Vaticano sai do armário e abraça Oscar, diz jornal

da BBC, em Londres

Oscar Wilde, um dos poetas mais controversos, polêmicos e consagrados da história da literatura ocidental, recebeu uma rara homenagem do Vaticano, com o lançamento de uma antologia de frases organizada por um colaborador próximo do papa Bento 16.

Vários jornais britânicos desta sexta-feira trouxeram diversas matérias sobre a inclusão de frases do escritor irlandês Oscar Wilde na compilação Provocações: Aforismas para um Cristianismo Inconformado, organizada pelo padre Leonardo Sapienza, chefe do protocolo do Vaticano.

O livro, que foi publicado por uma editora italiana, contém mil frases que têm um caráter moral e são divididas por ordem alfabética

“Vaticano sai do armário e abraça Oscar Wilde”, foi o título da matéria de página inteira do austero The Times, enquanto o The Independent dedicou uma matéria de duas páginas sob o título: “O Vaticano enlouquece” (um trocadilho em inglês que usa o sobrenome do autor: “The Vatican Goes Wilde”).

Também na Itália o lançamento do livro causou espanto. “Que Surpresa!”, diz o texto do diário romano La Repubblica. “Um ícone homossexual foi aceito pelo Vaticano”. Segundo o The Times, o analista do Vaticano, Orazio La Rocca, classificou o livro como uma “bomba”.

“Grande escritor”

Sapienza afirmou ao The Times que incluiu Wilde, cuja relação homossexual com o filho de um nobre inglês desgraçou sua vida e carreira, porque “ele foi um escritor que viveu perigosamente e às vezes, escandalosamente, mas nos deixou muitas máximas afiadas”.

Sapienza disse que Wilde foi um grande escritor e que ele não é lembrado pela sua promiscuidade, mas sim por obras como A Importância de Ser Honesto e O Retrato de Dorian Gray.

Ele propõe que o cristianismo provoque o “despertar” de certos ambientes católicos porque, como se lê no prefácio, citando o filósofo dinamarquês Kierkegaard, “o cristianismo deveria ser uma cura radical, mas ao invés disso, se transformou em um remédio comum, desses que se usam contra resfriado”.

“Devemos ser um espinho na carne da sociedade e mover a consciência das pessoas para atacar aquele que é hoje o inimigo número um da religião a indiferença”, disse Sapienza.

Talento e controvérsia

Oscar Wilde teve uma relação controversa com o catolicismo durante toda a sua vida. Nascido em uma família protestante e filho de um pai agnóstico, mas na maciçamente católica Irlanda, Wilde teria sido batizado a pedido de sua mãe sem que seu pai soubesse.
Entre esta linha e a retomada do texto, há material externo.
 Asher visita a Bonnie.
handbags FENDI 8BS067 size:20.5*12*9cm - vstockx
Durante sua vida, embora tenha se convertido ao catolicismo somente em seu leito de morte, em 1900, sempre teve uma relação de admiração com a Igreja e recebeu a bênção do papa em uma de suas viagens à Roma. Perguntado sobre sua situação espiritual, disse que não era católico, mas “um papista violento”.

Wilde foi um personagem polêmico e irrequieto em toda a sua vida, que teve uma intensa produção literária, onde se encontram peças teatrais e livros que são hoje considerados clássicos, sempre permeados por um humor ácido, mordaz e inteligente.
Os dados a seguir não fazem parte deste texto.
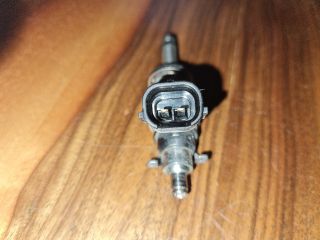 bontott DACIA DUSTER Porlasztó (1 db)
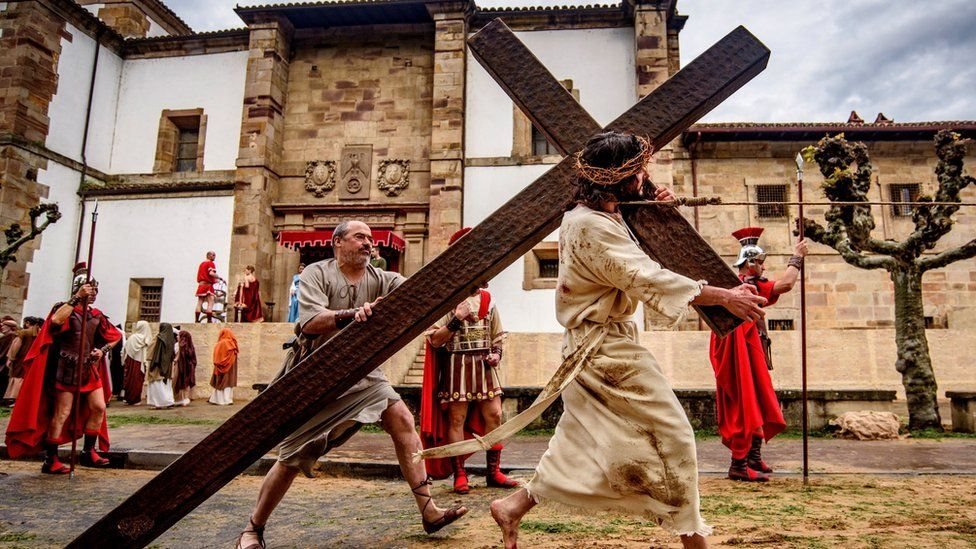 Happy Easter message 2022: Images of Christians celebrating Easter around di world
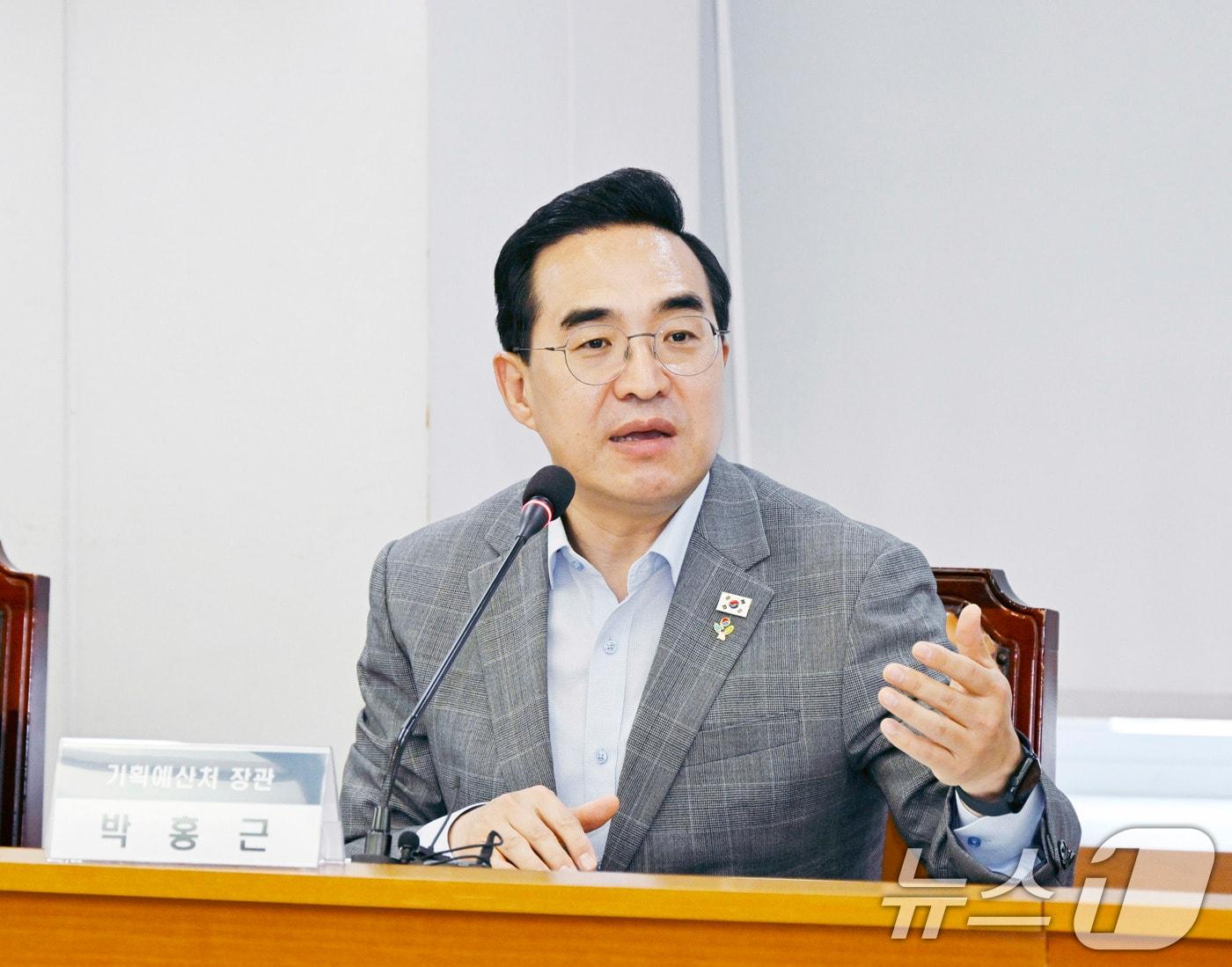 본문 이미지 - 박홍근 기획예산처 장관. (기획예산처 제공. 재판매 및 DB금지) 2026.6.17 ⓒ 뉴스1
No entanto, seu modo de vida desafiador e seus diversos casos homossexuais na rigorosa Londres vitoriana acabaram por condená-lo à cadeia depois de um processo judicial onde o escritor enfrentou o Marquês de Queensberry, pai de seu amante, o jovem Lorde Alfred Douglas.
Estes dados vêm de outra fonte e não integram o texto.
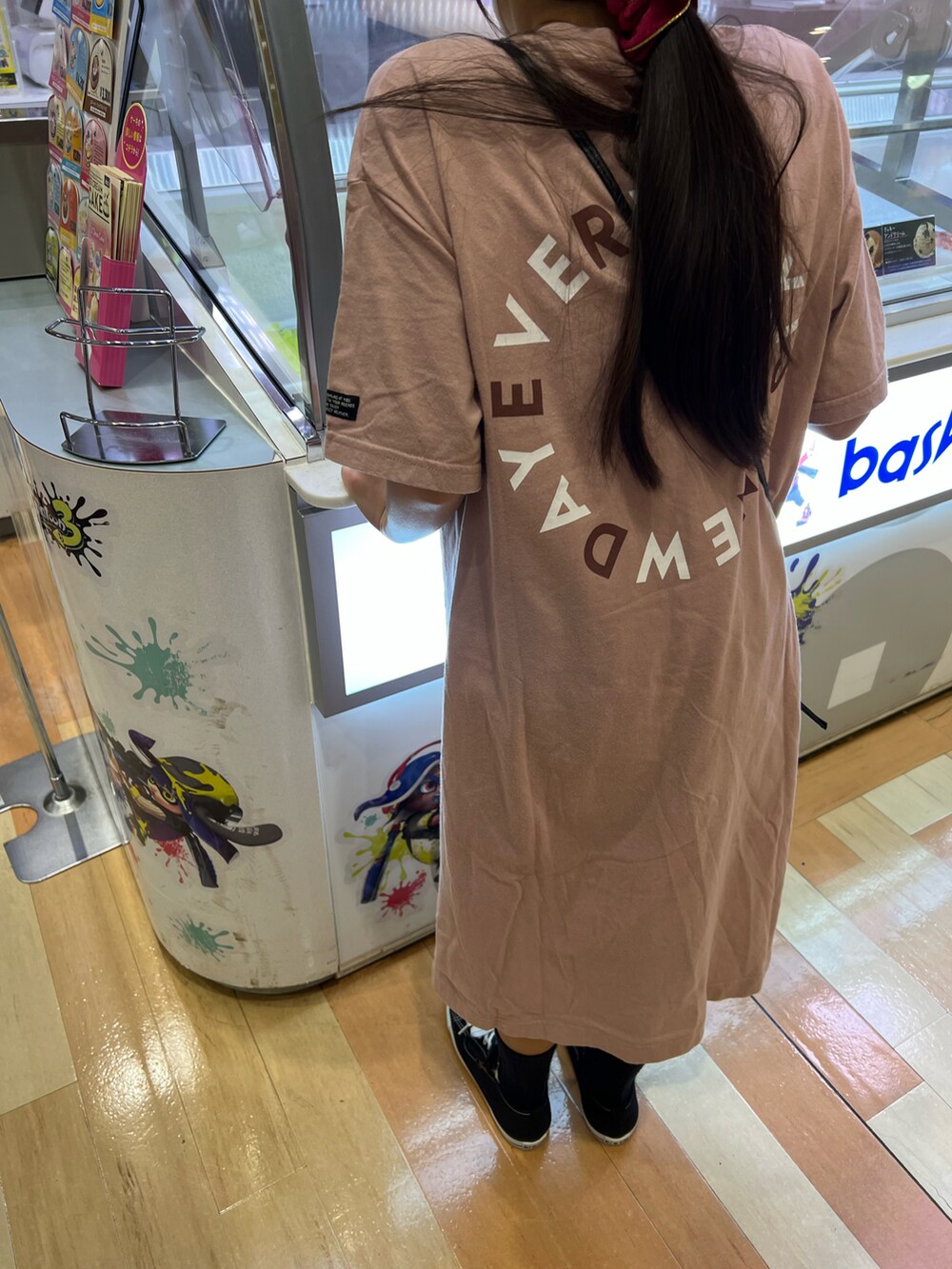 「キッズコーデ、女の子、カジュアル、ガーリー、ワンピース、ショルダーバッグ、スニーカー、シンプル、ピンク、ブラック、junk store、コンバース、converse、夏秋ミックス、休日スタイル」｜「JUNK STOREのWEB限定プリントバリエワンピース（ワンピース、ピンク系）」を使った、Yu-&Ri-(多忙のため不定期投稿)さん（キッズ・127cm）の秋コーディネートの2枚目の写真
A perseguição sofrida por Wilde e a sua postura diante da repressão que ele sofreu por sua sexualidade o transformaram em um ícone no século 20, freqüentemente ligado ao movimento gay e como inspiração de artistas.

Entre os incontáveis exemplos da sua inteligência e de sua verve irônica, estão frases como “Aqueles que não sabem a diferença entre corpo e alma não têm nenhum”, ou “O que é um cínico? Um homem que sabe o preço de tudo e não sabe o valor de nada”.